WHAT IS NEEDED —
In the listing that follows, locate the line containing "So all the beds" and the line containing "The Samsung Galaxy S24". Retype exactly those two lines and every line between them, and nothing more.

====== RECORD SET ======

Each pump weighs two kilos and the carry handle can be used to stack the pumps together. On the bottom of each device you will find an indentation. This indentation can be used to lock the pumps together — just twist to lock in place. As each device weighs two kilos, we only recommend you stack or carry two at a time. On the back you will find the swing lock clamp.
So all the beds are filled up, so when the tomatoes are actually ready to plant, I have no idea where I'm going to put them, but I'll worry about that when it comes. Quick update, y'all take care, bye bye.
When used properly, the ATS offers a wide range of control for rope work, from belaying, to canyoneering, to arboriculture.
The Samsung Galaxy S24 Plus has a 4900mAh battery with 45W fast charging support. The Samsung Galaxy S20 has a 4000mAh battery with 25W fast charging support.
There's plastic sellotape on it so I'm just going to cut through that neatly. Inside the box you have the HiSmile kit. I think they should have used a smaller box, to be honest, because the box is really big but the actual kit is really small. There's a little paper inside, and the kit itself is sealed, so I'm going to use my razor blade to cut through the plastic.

======
====== RECORD SET ======

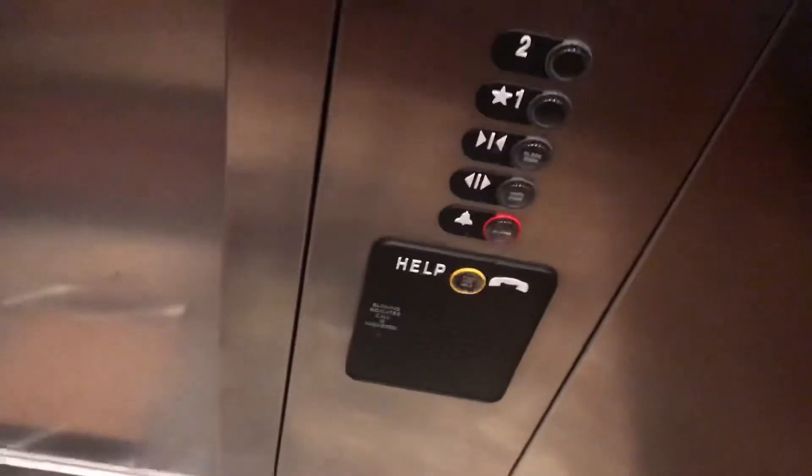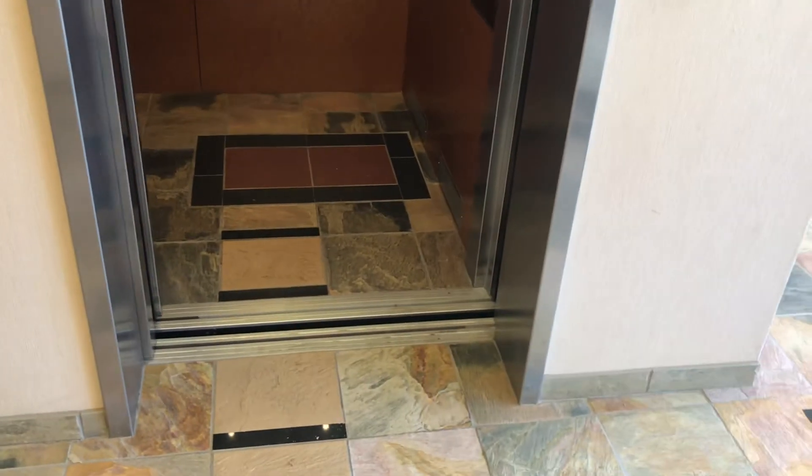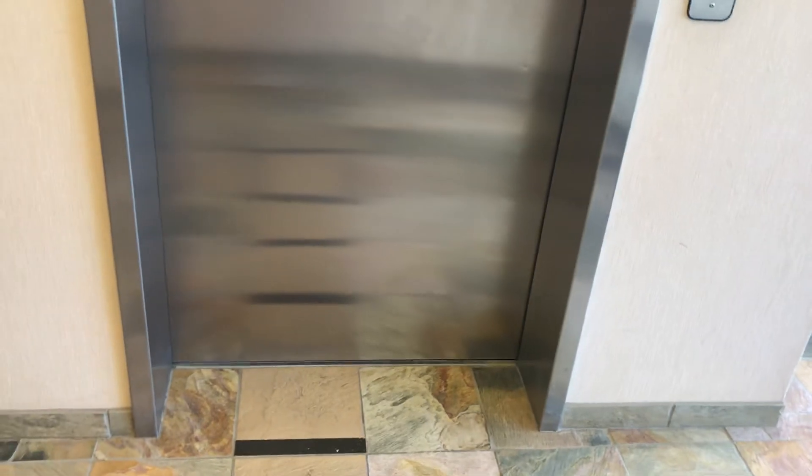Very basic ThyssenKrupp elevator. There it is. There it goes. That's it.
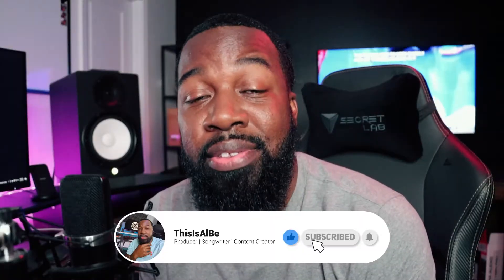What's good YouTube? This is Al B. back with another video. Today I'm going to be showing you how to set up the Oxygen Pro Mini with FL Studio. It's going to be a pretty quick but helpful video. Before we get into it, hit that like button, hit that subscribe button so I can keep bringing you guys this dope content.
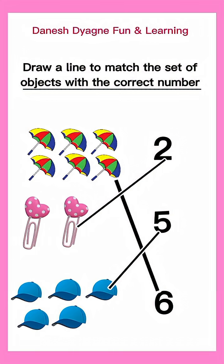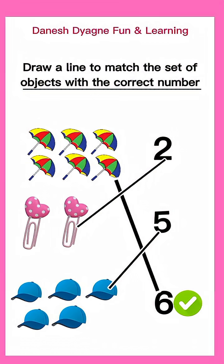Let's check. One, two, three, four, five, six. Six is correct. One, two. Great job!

======

RESPONSE —
So all the beds are filled up, so when the tomatoes are actually ready to plant, I have no idea where I'm going to put them, but I'll worry about that when it comes. Quick update, y'all take care, bye bye.
When used properly, the ATS offers a wide range of control for rope work, from belaying, to canyoneering, to arboriculture.
The Samsung Galaxy S24 Plus has a 4900mAh battery with 45W fast charging support. The Samsung Galaxy S20 has a 4000mAh battery with 25W fast charging support.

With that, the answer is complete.